Open-Access: This article is an open-access article which was selected by an in-house editor and fully peer-reviewed by external reviewers. It is distributed in accordance with the Creative Commons Attribution Non Commercial (CC BY-NC 4.0) license, which permits others to distribute, remix, adapt, build upon this work non-commercially, and license their derivative works on different terms, provided the original work is properly cited and the use is non-commercial. See: http://creativecommons.org/licenses/by-nc/4.0/
Correspondence to: Dr. Kelly Haas, Department of Gastroenterology, Hepatology, and Nutrition, Lucile Packard Children’s Hospital Stanford, 750 Welch Road, Suite 116, Palo Alto, CA 94304, United States. kbhaas@stanford.edu
Telephone: +1-650-7235070 Fax: +1-650-4985608
Received: April 29, 2015
Peer-review started: May 8, 2015
First decision: September 8, 2015
Revised: November 24, 2015
Accepted: January 5, 2016
Article in press: January 7, 2016
Published online: February 28, 2016
Abstract

Inflammatory bowel disease (IBD) is a lifelong condition with waxing and waning disease course that requires reassessment of disease status as well as screening for complications throughout a patient’s lifetime. Laboratory testing, endoscopic assessment, and fecal biomarkers are often used in the initial diagnosis and ongoing monitoring of a patient with IBD. Imaging plays an integral role in the diagnosis and evaluation of IBD. Different imaging modalities can be used over the course of a patient’s lifetime, from the initial screening and diagnosis of IBD, to determining the extent of intestinal involvement, monitoring for disease activity, and evaluating for complications of uncontrolled IBD. The various imaging modalities available to the provider each have a unique set of risks and benefits when considering cost, radiation exposure, need for anesthesia, and image quality.
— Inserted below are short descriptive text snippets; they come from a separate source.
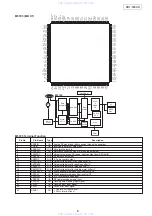 Preview for 8 page of Denon DHT-500SD Service Manual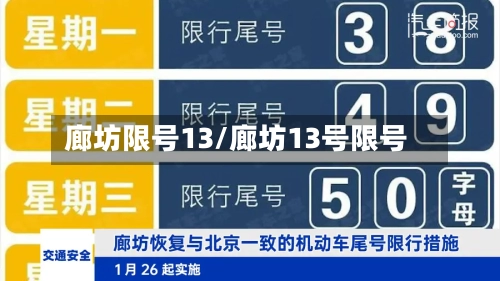 廊坊限号13/廊坊13号限号-第3张图片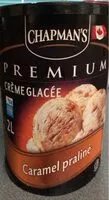 Количество сахара в Caramel Praline Premium Ice Cream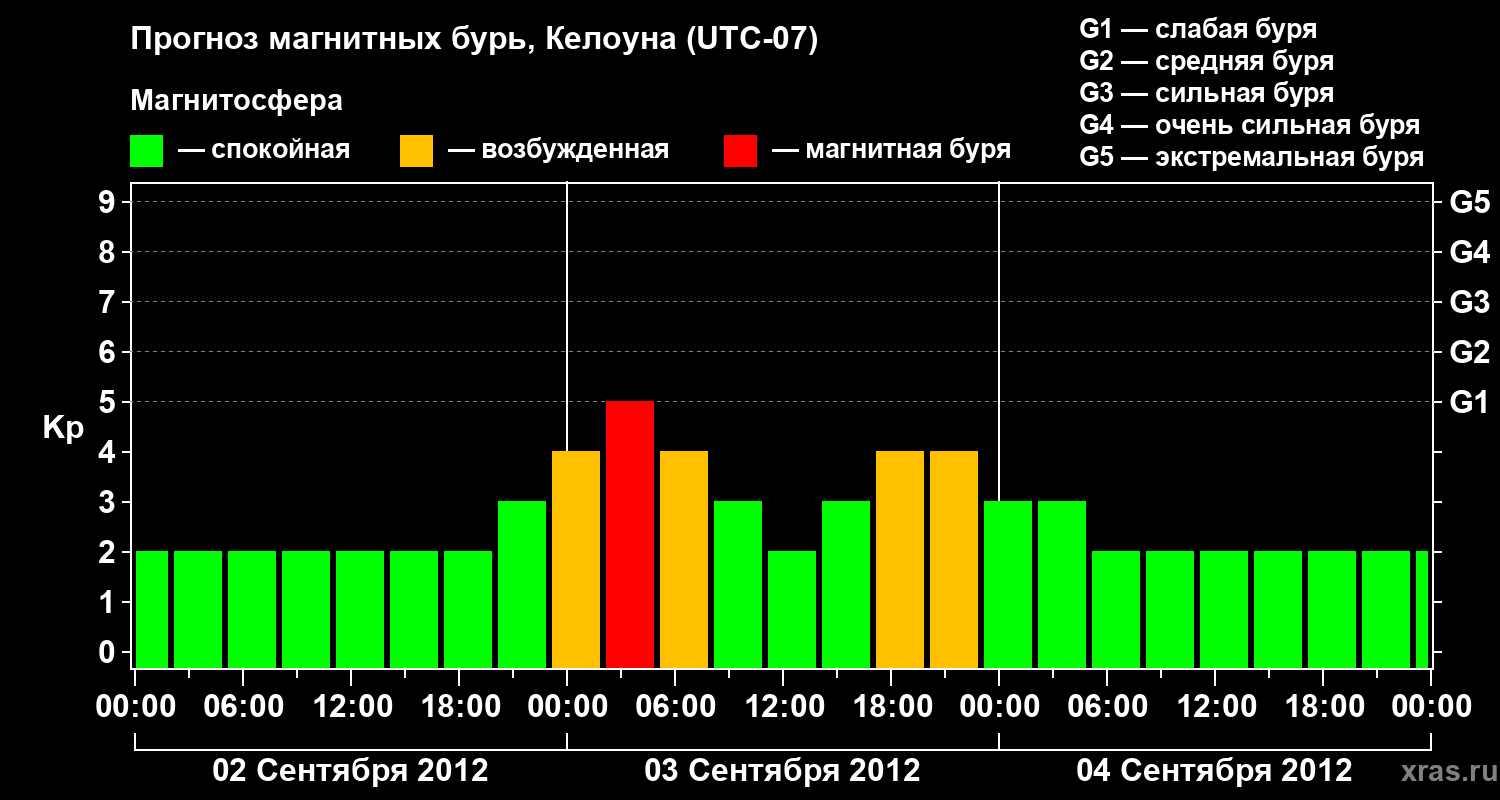 Прогноз геомагнитного индекса Kp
In this article we review the imaging techniques available for the evaluation of IBD including fluoroscopic small bowel follow-through, computed tomography enterography, magnetic resonance enterography, and transabdominal ultrasound with particular focus on the judicious use of imaging and the risks and benefits of each option. We also review the risks of ionizing radiation, strategies to reduce exposure to ionizing radiation, and current imaging guidelines among pediatric and adult patient with IBD.

Keywords: Inflammatory bowel disease, Ultrasound, Fluoroscopy, Magnetic resonance imaging, Computed tomography

Core tip: Imaging plays a key role in the diagnosis and lifelong evaluation of a patient with inflammatory bowel disease (IBD). Several imaging modalities are available, each with a unique set of risks and benefits when considering cost, anesthesia risk in the pediatric population, ionizing radiation, image quality, and availability. In this article, we review the imaging techniques available for evaluation of IBD, with particular focus on judicious use of ionizing radiation. We also review current imaging guidelines among pediatric and adult patients with IBD.